Suppressing speech or expression because it “makes some people uncomfortable” is what the Orwellian-named Moms for Liberty does. Books about racism, slavery and LGBTQ+ are all taboo to them because they make people “uncomfortable.”
That can’t be the test for a public school whose mission under the Minnesota Constitution (Art. 13, Sec. 1) is to educate students to be capable of participating in public life. Political expression is a core part of participating in that public life.
And just for the record, criticism of Israeli treatment of Palestinians and U.S. support of it is not antisemitic. Organizations such as AIPAC and the Jewish Community Relations Council want you to think it is, but there are many Jewish individuals and organizations that disagree.
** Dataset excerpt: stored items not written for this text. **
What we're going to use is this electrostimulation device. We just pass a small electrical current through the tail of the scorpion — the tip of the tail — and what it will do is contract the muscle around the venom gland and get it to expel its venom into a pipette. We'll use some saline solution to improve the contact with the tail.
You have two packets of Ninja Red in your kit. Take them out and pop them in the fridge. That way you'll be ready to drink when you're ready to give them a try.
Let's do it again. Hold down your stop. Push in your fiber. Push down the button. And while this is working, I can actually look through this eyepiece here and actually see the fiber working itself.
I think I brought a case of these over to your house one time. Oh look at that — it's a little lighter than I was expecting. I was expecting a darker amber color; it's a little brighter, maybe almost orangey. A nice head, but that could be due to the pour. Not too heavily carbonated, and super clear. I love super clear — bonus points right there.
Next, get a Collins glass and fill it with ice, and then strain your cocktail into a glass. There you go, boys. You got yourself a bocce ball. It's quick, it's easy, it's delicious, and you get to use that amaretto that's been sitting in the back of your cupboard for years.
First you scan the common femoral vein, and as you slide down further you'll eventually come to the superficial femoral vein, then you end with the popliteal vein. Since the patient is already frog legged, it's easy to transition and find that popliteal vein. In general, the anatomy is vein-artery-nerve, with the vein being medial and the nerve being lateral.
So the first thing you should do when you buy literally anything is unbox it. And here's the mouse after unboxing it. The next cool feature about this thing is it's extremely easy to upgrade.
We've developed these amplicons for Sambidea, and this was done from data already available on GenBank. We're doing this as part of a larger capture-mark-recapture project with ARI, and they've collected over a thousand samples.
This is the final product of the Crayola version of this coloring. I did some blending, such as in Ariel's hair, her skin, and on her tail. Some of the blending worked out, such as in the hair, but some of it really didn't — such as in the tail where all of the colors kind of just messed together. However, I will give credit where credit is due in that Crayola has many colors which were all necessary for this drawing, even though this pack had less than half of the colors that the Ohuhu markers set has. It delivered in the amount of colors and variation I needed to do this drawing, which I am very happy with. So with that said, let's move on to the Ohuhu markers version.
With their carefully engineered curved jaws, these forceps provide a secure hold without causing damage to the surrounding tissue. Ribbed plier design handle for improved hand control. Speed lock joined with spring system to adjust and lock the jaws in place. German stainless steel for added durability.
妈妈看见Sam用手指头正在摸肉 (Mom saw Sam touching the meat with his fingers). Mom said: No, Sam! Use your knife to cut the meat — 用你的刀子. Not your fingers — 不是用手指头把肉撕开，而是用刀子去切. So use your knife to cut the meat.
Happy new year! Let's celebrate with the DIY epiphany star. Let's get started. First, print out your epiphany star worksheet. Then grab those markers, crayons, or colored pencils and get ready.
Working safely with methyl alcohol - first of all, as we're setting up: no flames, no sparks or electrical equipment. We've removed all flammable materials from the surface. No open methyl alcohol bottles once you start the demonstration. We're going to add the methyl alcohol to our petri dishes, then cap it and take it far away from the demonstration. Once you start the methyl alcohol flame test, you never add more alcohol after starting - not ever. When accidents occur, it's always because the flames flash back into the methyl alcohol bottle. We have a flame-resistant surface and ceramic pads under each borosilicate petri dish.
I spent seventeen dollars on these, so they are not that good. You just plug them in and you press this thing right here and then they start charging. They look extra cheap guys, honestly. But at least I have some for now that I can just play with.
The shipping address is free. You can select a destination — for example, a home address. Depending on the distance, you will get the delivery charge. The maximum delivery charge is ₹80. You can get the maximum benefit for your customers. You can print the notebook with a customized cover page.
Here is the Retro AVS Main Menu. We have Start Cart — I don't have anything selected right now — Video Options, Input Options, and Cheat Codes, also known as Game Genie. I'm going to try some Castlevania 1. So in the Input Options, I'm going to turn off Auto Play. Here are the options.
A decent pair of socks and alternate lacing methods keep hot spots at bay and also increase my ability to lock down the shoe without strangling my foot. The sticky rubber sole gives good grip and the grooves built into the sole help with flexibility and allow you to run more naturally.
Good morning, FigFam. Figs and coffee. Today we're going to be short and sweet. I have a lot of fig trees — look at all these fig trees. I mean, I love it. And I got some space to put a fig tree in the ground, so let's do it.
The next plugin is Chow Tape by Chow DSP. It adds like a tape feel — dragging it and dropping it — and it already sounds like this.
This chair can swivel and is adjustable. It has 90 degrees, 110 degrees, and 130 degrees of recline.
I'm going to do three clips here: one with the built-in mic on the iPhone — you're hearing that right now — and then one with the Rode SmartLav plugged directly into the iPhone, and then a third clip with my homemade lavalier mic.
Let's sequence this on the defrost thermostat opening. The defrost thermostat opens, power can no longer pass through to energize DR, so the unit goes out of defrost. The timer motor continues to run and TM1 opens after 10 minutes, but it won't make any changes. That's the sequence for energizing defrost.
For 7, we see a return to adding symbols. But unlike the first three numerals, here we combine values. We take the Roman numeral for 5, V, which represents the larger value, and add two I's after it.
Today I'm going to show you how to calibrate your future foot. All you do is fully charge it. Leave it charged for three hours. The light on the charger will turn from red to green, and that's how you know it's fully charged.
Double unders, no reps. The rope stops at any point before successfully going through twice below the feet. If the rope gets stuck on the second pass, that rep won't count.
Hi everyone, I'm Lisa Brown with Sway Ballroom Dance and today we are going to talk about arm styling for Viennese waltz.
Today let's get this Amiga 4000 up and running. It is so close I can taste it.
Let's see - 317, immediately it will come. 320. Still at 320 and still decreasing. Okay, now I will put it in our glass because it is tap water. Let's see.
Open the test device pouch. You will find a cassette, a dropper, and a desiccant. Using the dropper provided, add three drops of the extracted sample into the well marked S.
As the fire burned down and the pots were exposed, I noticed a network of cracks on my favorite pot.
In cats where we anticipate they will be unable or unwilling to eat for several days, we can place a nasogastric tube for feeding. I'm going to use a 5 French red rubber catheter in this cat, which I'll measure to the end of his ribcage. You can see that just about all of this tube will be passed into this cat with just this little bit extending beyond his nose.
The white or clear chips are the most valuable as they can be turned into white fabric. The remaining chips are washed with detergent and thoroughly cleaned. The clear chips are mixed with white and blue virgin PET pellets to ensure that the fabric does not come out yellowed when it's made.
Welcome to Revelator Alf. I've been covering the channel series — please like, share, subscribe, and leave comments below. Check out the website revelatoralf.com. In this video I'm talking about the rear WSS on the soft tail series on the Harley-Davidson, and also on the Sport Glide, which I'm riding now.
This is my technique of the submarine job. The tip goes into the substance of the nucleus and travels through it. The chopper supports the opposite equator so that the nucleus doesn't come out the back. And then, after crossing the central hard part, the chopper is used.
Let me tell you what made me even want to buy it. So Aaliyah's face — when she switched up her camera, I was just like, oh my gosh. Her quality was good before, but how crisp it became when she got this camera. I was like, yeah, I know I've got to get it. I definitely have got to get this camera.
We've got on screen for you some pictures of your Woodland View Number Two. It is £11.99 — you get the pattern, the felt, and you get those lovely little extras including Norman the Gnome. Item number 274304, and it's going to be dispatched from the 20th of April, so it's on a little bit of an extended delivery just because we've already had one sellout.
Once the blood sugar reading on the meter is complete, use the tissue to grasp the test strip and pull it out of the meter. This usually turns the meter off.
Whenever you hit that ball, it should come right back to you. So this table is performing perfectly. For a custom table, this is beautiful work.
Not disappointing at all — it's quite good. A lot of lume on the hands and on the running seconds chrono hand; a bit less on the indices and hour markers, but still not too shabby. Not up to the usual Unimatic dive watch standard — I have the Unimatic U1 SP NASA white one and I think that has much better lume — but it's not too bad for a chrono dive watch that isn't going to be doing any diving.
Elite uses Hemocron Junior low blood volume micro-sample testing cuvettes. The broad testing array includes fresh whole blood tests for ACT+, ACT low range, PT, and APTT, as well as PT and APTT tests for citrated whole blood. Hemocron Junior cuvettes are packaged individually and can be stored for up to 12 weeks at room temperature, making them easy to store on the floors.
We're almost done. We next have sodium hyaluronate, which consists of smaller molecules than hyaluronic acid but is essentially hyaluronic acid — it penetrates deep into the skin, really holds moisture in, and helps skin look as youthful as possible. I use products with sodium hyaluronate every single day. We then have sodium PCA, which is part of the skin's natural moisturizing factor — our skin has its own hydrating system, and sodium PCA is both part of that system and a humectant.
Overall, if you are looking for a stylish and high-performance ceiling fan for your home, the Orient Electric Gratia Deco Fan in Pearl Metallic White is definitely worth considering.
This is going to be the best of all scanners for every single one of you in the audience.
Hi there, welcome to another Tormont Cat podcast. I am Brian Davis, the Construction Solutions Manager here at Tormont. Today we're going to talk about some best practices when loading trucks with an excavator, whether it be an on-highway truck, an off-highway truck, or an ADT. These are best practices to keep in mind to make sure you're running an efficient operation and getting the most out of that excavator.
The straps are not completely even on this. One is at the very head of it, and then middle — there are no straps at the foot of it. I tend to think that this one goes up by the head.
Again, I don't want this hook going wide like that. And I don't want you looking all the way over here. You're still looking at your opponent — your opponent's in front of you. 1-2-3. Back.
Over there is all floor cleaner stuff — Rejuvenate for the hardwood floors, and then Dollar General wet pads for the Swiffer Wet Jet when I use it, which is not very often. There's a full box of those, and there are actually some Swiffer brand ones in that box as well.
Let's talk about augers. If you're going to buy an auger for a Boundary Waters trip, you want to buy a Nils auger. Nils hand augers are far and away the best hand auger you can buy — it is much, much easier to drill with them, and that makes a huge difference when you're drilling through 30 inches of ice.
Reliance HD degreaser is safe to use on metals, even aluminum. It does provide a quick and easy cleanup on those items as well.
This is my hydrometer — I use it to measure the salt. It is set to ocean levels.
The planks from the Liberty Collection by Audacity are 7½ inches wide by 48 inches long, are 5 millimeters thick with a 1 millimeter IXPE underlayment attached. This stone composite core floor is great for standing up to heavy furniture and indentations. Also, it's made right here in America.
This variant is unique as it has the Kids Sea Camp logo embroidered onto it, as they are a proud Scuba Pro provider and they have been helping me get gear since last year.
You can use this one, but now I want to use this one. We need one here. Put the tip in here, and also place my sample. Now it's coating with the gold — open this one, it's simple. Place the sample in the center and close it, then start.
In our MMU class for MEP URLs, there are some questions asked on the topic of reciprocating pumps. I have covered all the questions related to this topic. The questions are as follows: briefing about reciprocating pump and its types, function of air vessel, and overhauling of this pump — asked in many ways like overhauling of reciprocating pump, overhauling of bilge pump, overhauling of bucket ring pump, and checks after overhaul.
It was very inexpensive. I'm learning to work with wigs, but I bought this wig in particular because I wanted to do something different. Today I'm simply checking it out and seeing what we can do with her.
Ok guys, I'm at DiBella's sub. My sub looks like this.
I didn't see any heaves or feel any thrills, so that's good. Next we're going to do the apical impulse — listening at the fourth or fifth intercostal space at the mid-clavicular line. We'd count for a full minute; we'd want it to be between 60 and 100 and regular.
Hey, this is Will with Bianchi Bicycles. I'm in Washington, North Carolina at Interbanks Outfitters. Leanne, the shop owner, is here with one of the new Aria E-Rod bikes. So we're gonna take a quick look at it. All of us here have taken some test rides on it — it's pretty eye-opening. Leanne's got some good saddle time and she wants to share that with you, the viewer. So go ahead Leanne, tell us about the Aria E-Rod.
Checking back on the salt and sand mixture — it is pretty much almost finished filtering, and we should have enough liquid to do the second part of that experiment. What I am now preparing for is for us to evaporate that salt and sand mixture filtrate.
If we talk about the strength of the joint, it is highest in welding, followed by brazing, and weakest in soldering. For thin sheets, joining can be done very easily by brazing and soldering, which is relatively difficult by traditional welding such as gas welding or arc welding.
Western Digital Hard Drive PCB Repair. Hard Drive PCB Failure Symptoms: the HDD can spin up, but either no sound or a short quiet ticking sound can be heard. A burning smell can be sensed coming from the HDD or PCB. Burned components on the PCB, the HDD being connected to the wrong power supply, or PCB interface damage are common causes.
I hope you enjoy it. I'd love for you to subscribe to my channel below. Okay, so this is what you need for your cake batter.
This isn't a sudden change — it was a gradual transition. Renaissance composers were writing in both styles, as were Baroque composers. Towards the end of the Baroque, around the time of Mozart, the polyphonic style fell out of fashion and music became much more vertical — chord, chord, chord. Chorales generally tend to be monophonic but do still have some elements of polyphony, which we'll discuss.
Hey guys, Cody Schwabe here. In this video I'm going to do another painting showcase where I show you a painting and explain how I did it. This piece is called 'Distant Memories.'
Really, I KNOW you can draw that straight line. You can read about the involvement of the Jewish Community Relations Council in the Edina suspensions at the links above, and if you read reporting surrounding campus arrests around the country, you will also read about pressure on university administrations by Israeli advocacy groups like the America Israeli Public Affairs Council (AIPAC) and by Israeli-aligned university donors. Over half of the Congress has received money from AIPAC-aligned groups; it seems often that they are a congress member’s largest contributor.
Don Samuels’ primary campaign against Ilhan Omar last cycle was funded by a lot of AIPAC-aligned dollars, and it will be this cycle, too. According to news reports, AIPAC is committed to spending $100 million to defeat congressional candidates who do not express adequate fealty to Zionist Israel.
Groups like AIPAC and the JCRC have been working hard for years to take criticism of Israeli apartheid, land grabbling, and violence against Palestinians off the table for criticism. They’re behind the anti-BDS (Boycott, Disinvest, Sanction) legislation passed around the country, including in Minnesota, as well as efforts in Congress to sanction BDS speech and activity.
Ilhan Omar called all of this the effect of the ‘Benjamins,’ and she was right. For the sin of telling the truth, Rep. Omar was heavily criticized by Democratic leadership in the Congress. Well, and by Ron Latz, too.
People make fun of Boomers these days, but a lot of Boomers got their heads cracked bringing about a change in attitudes about the Vietnam war. Their grandkids seem embarked on the same mission about Israel. Good for them.